POOH AND PIGLET ON THE CASE: The Red House Mystery

Like most classic mystery fans, I have long been aware that in 1922, three years before he created that immortalis ursi Winnie-the-Pooh, A. A. Milne wrote a single crime novel called The Red House Mystery. The book was a great success! Even Raymond Chandler, Public Enemy #1 when it comes to country house mysteries and locked room puzzles, wrote in his screed “The Simple Art of Murder” that this country house mystery and locked room puzzle was “an acknowledged masterpiece.” Of course, he went on to use the book as evidence of the folly of reading this sort of thing. But wouldn’t you know it? When Pushkin Vertigo reissued the book last year, it slapped “’An acknowledged masterpiece,’ Raymond Chandler” on the front cover!

This is the edition I grabbed a pristine copy of in my favorite used bookstore when, working on a project for my Book Club, I started looking for mysteries written in the 20’s. My tastes for this decade are admittedly narrow, but I figured that 1) I enjoyed reading Winnie-the-Pooh just as much as the next kid growing up; and 2) since Milne only wrote the one mystery, if I didn’t like it I would still have covered the man’s entire oeuvre (let’s not get into the Four Days Wonder controversy, okay?). 

Pushkin Vertigo has included the introduction that Milne wrote for the 1926 British reissue, and it is delightfully funny. While the Pooh books may have been amusing, I hadn’t been aware that Milne’s early efforts appeared in Punch and that he was a true wit. A longtime devotee of detective novels, Milne claims that when he told his agent he was going to write one, the agent begged him to stick to Punch.
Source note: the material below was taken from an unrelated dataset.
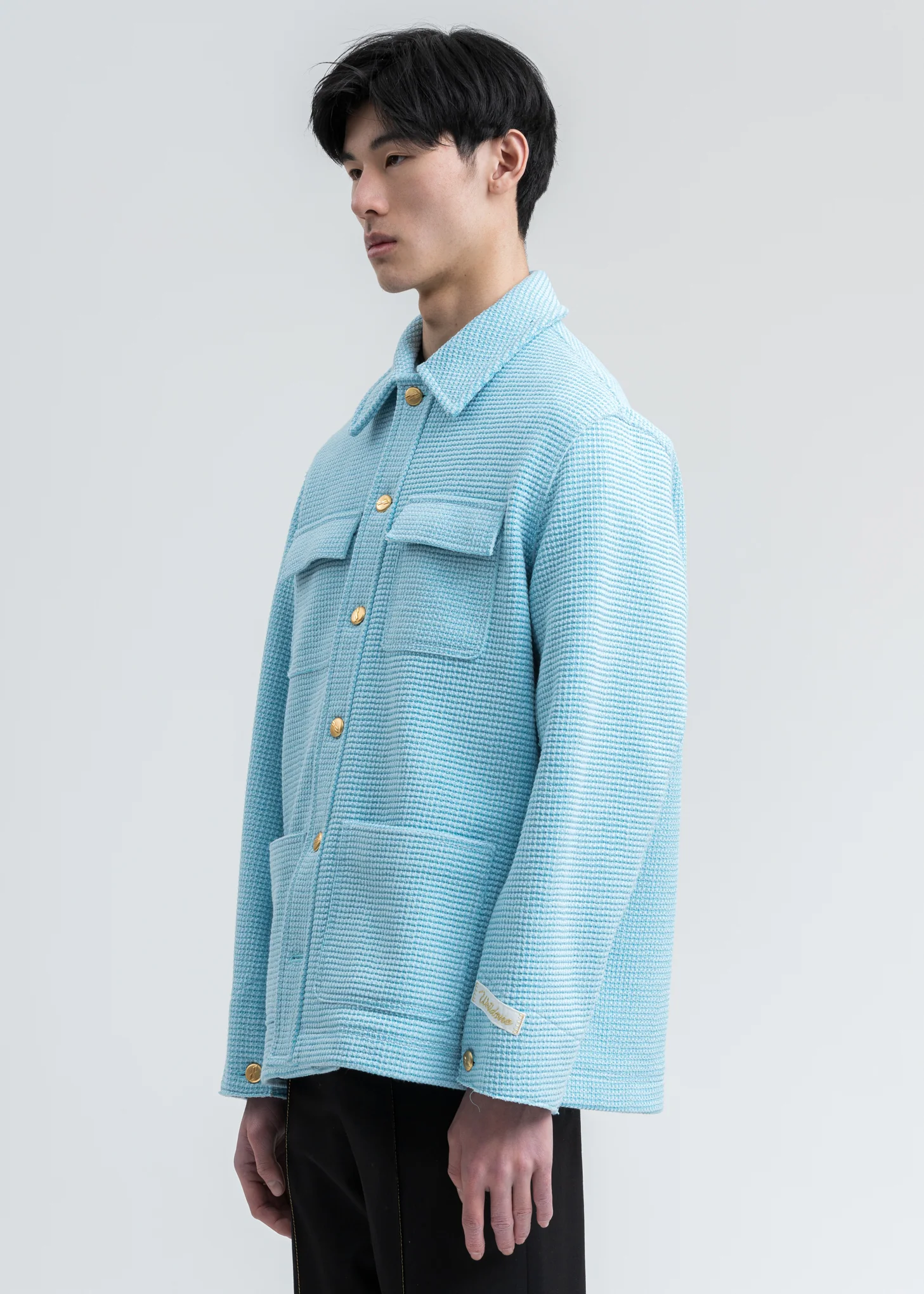Sky Blue Waffle Texture Cotton Jacket - Image 3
Two years later, when he wanted to write a book of nursery rhymes, he was urged to do another detective story instead! Too late! Having debuted Winnie the Pooh to great acclaim in a 1925 Christmas Eve story, he feared that writing a second book full of murder and mayhem would be in poor taste!

Milne clearly knows and loves the genre, as evidenced by the informal list of “rules” he urges all would-be mystery authors to follow. I’m impressed that these appeared three years before Father Knox unleashed his Commandments in the world, for they are very good rules indeed! 

1. ”I prefer that a detective story should be written in English.”

Never fear – Milne isn’t decrying other cultures, just fancy language! He poses a case where the criminal has broken into the murdered man’s library and posits the sentence: “The detective was more concerned to discover how the murderer had effected an egress.” Milne questions the necessity of such a sentence: “It is, to me, a distressing thought that in nine-tenths of the detective stories of the world murderers are continually effecting egresses when they might just as easily go out.

2. “On the great Love question opinions may be divided, but for myself I will have none of it.” 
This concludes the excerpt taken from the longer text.